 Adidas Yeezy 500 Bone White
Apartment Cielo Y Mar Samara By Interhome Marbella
* * *
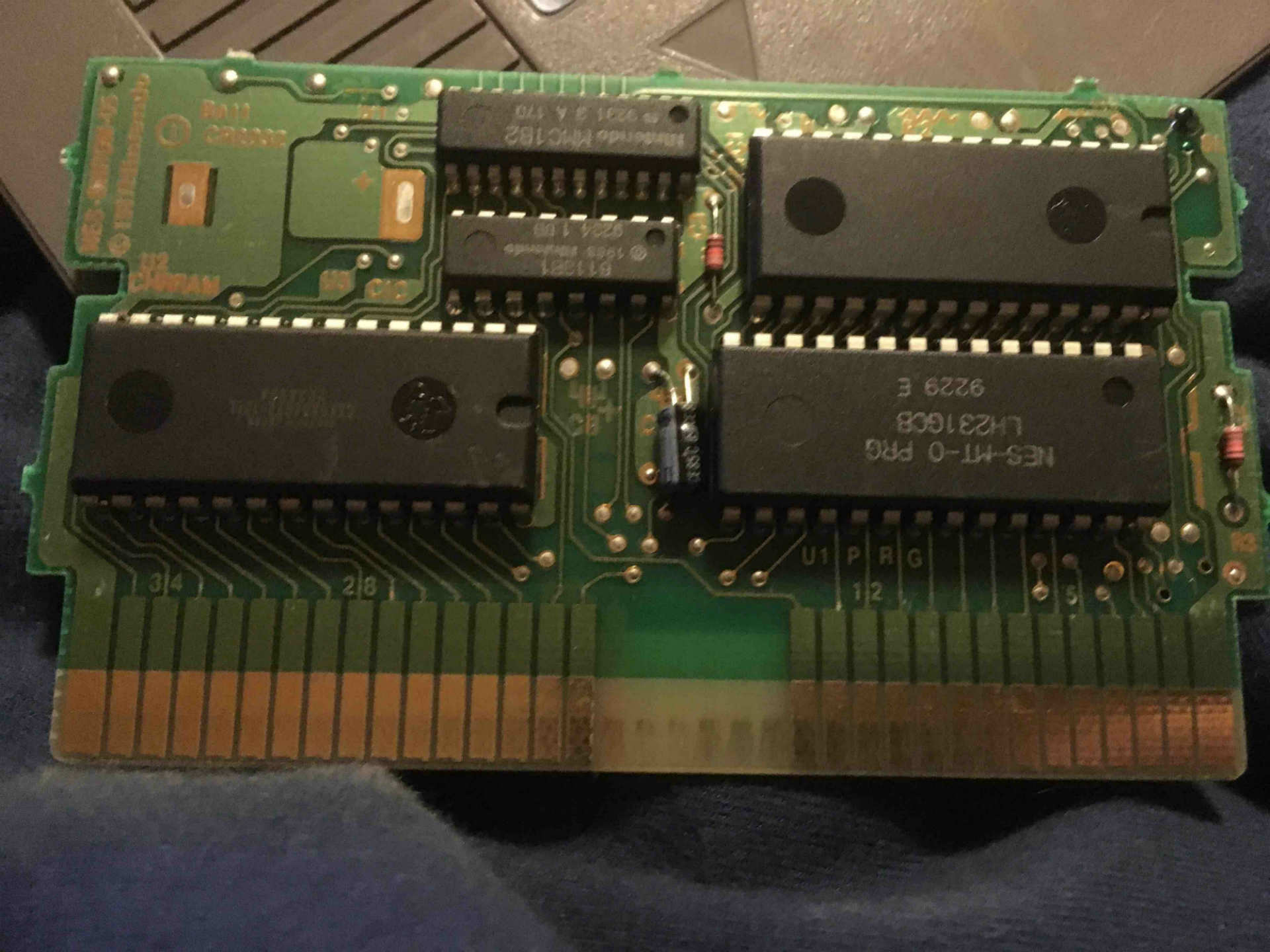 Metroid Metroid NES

### Exercise details
An exact, complete copy of the lines above from the one with "Adidas Yeezy 500 Bone White" through the one with "Apartment Cielo Y" is the whole answer.

### Response
 Adidas Yeezy 500 Bone White
Apartment Cielo Y Mar Samara By Interhome Marbella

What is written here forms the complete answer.